When he was 15, he was running with “the wrong crowd” and both his mother (who lived with her parents) and his father really felt like they could not deal with him anymore. If I remember correctly, his father asked my mother - or my mother volunteered to let him stay with us. I do not remember my father being as enthusiastic!

At the time, we were living in a two-story house in Detroit. The second story was a converted attic split in half. My brothers Doug, Dan and I had our bedroom on one-half - and Ray moved into the other half. He also quickly took over the basement for his model cars. I remember he painted this real cool King Cobra on a basement wall.

Ray and his friends were greasers. In my book, they were the coolest people on Earth. Ray was a regular James Dean. Always dressed nice and had plenty of young snapper swinging from his zipper. This too was cool!

Shortly after Ray moved in, we moved down to Texas. Even though I was a punk kid, Ray would often take me with him cruisin in his 55 Dodge. Cowboys and robbers was the big kid game back then and Ray would take the time to play it with us. He would always be Dishonest John (Beanie and Cecil was the new cartoon). When we lived in San Marcos, we lived in a one-bedroom apartment in a big house converted into 10 apartments. My parents and Donald (the baby then) would sleep in the living room and my two other brothers, sister, Ray and I would sleep in the bedroom. We only had one pillow and would fight over it every night. But it didn’t matter much because when it was Ray’s turn to go to bed - that sucker would come flying out from under whomever’s head was on it!
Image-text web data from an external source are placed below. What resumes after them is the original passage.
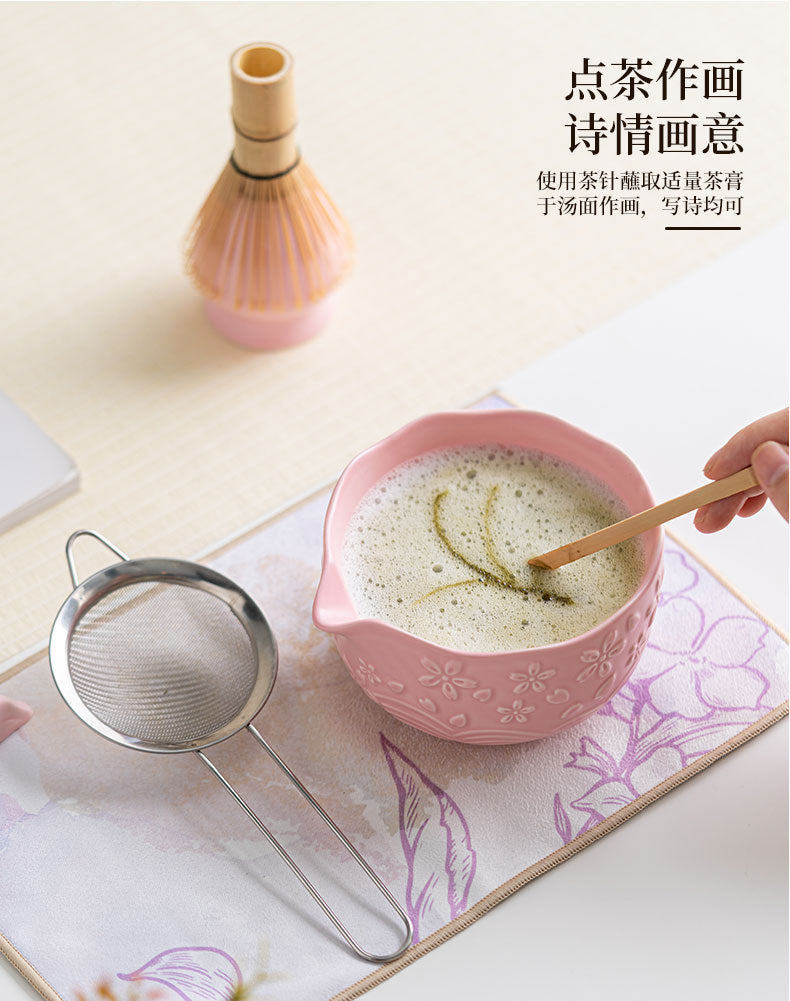 Directly Supplied from the Manufacturer, Exclusively for Cross-Border Trade, Ceramic Matcha Bowl Set with Embossed Cherry Blossom Design, 7-Piece Set with Spout, High Aesthetic Value, Color Box Packaging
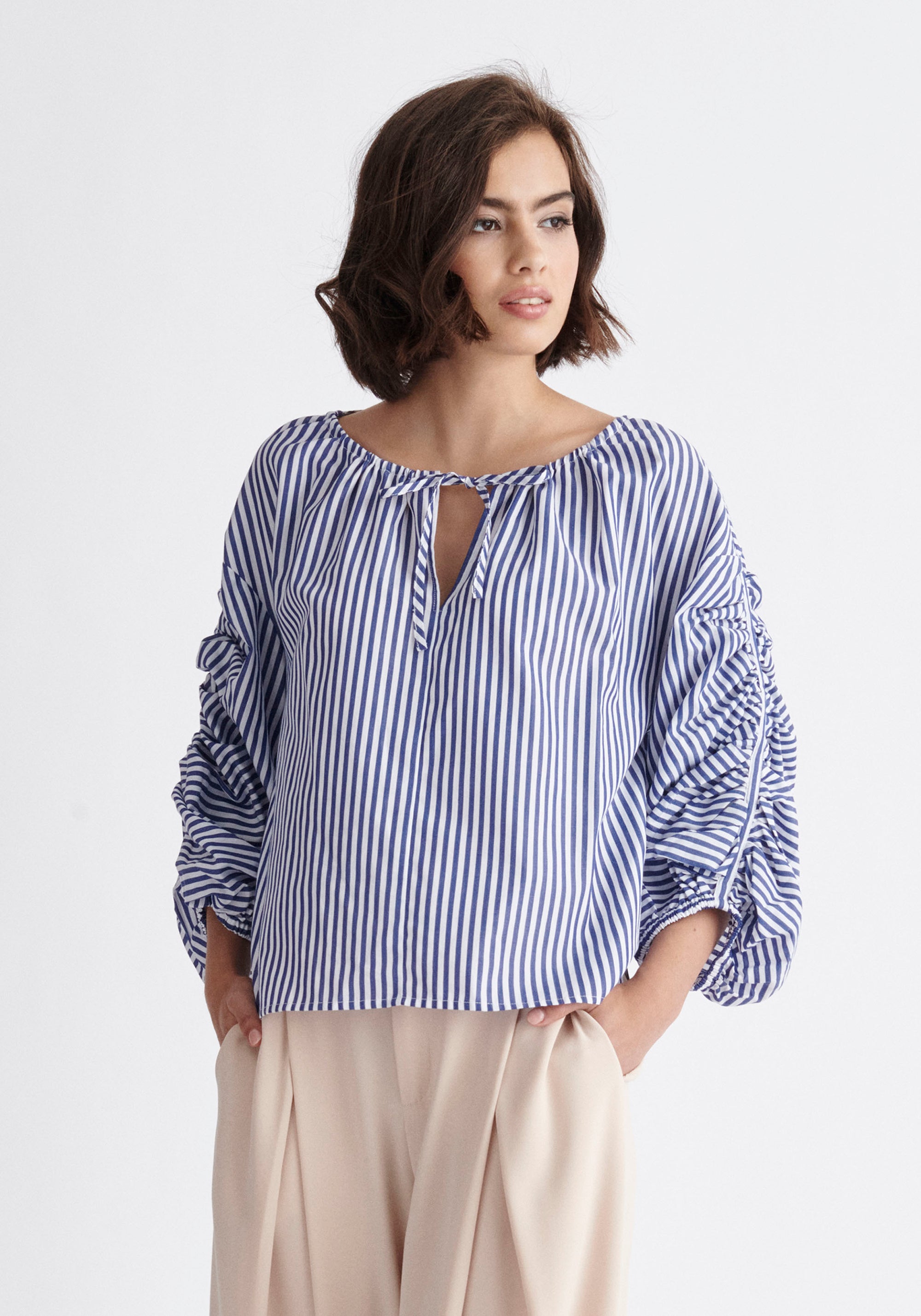 Paisie Striped Ruched Sleeve Top in Dark Blue and White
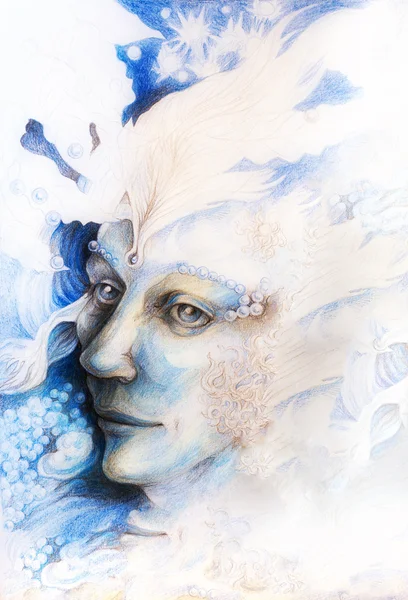 A fantasy detailed drawing of elven man creature, blue fairy man face portrait with gentle abstract structures of pearls and feathers, monochromatic — Stock Photo, Image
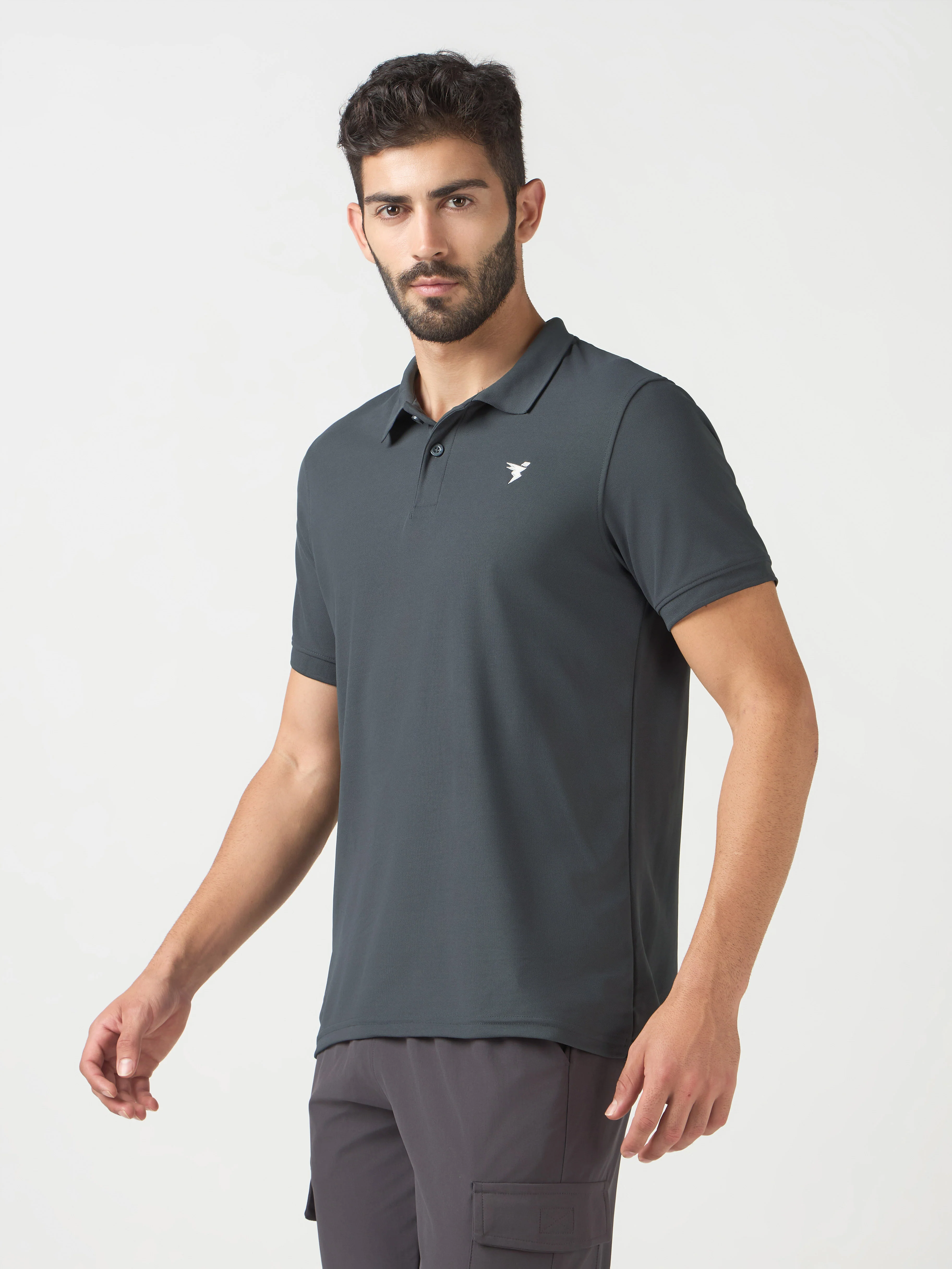 Men Solid Slim Fit Polo T-shirt with MATPIQ - Image 4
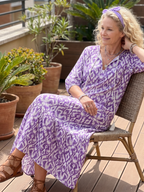 Penelope | Midi sukienka z nadrukiem i frędzlami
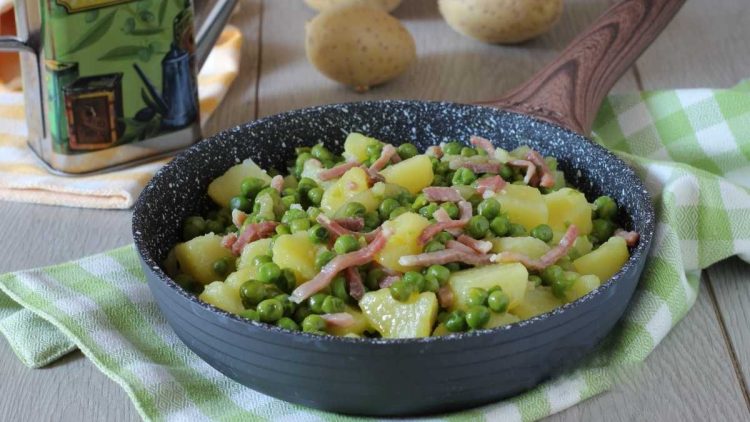 Pommes de terre speck et petits pois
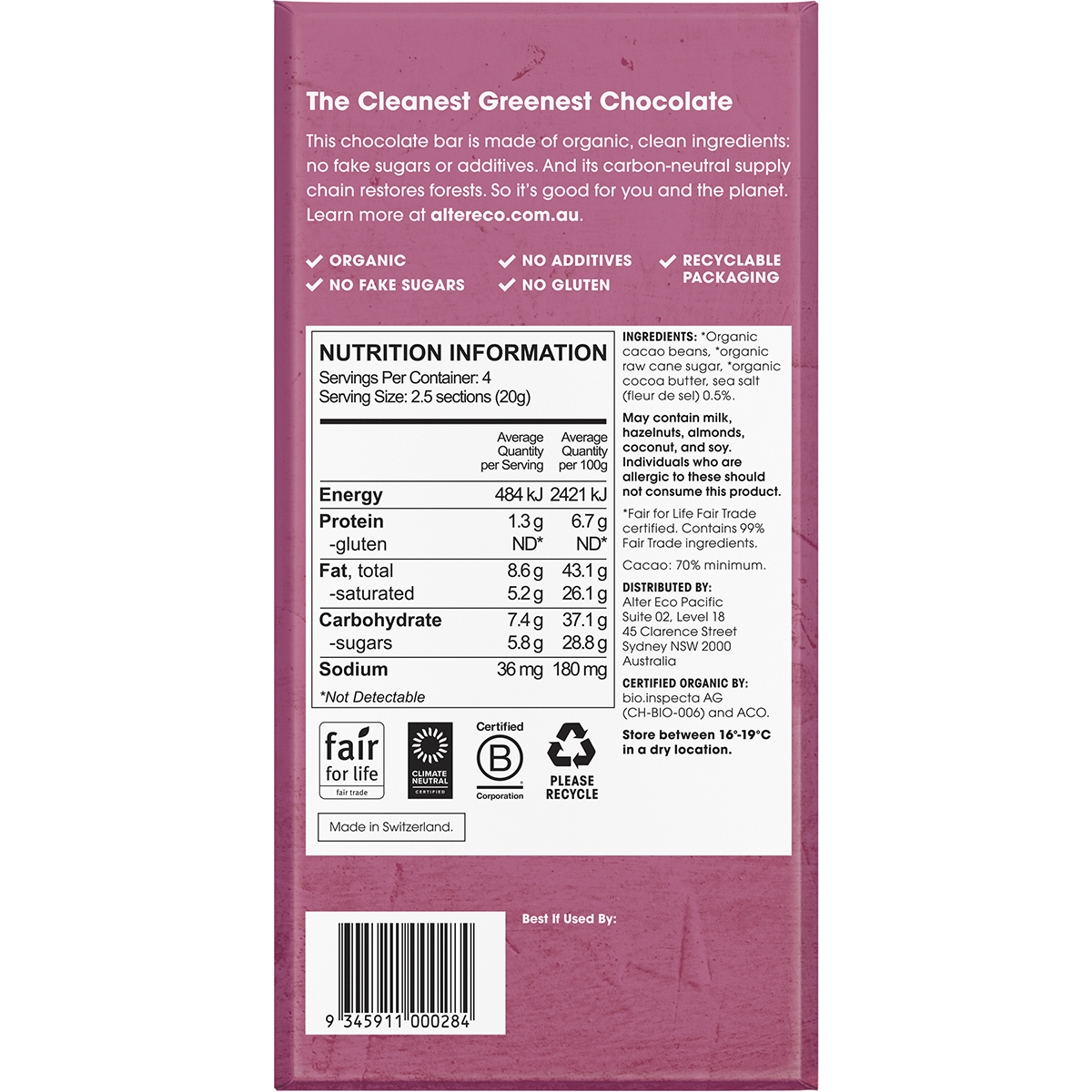 Chocolate Organic Dark Sea Salt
Ray joined the army when I was in the third grade and I did not see much of him for a couple years as he was in Germany, and then Atlanta when he got out. When I was about 14, we took a cross-country trip, which included stopping to see him, Glenda and their new daughter Andrea in Atlanta. Ray was the manager of a collection agency, had a brand new 68 Thunderbird, and showed me a closet of clothes that I never knew was possible for one person to have. I made up my mind right then that I was going to be in the debt collection business and have nice stuff too!

When I turned 15 - my family had just moved to Buffalo and Ray was a manager of a collection agency 200 miles away in Cleveland. I was having problems getting along with my family, mostly with my father as most teenaged boys do, and Ray drove to Buffalo to bring me back to Cleveland for a couple weeks. That was two weeks of Heaven! Men’s clubs, strip joints, 3D porno movies, poker games and just about everything else a 15-year-old boy lives for! I really hated to go home.

In March of 1977, I moved back down to Houston, Texas - where Ray lived. He would give me advice as to which agency to work at and other debt collection tips. Once I had gained experience, I went to work for him.

Ray was the first cool person I ever knew. I learned from him that a poor boy could hit the jackpot.

Sadly, the last ten years of Ray’s life he was in bad health — and led a fairly miserable life. He passed away in 2008.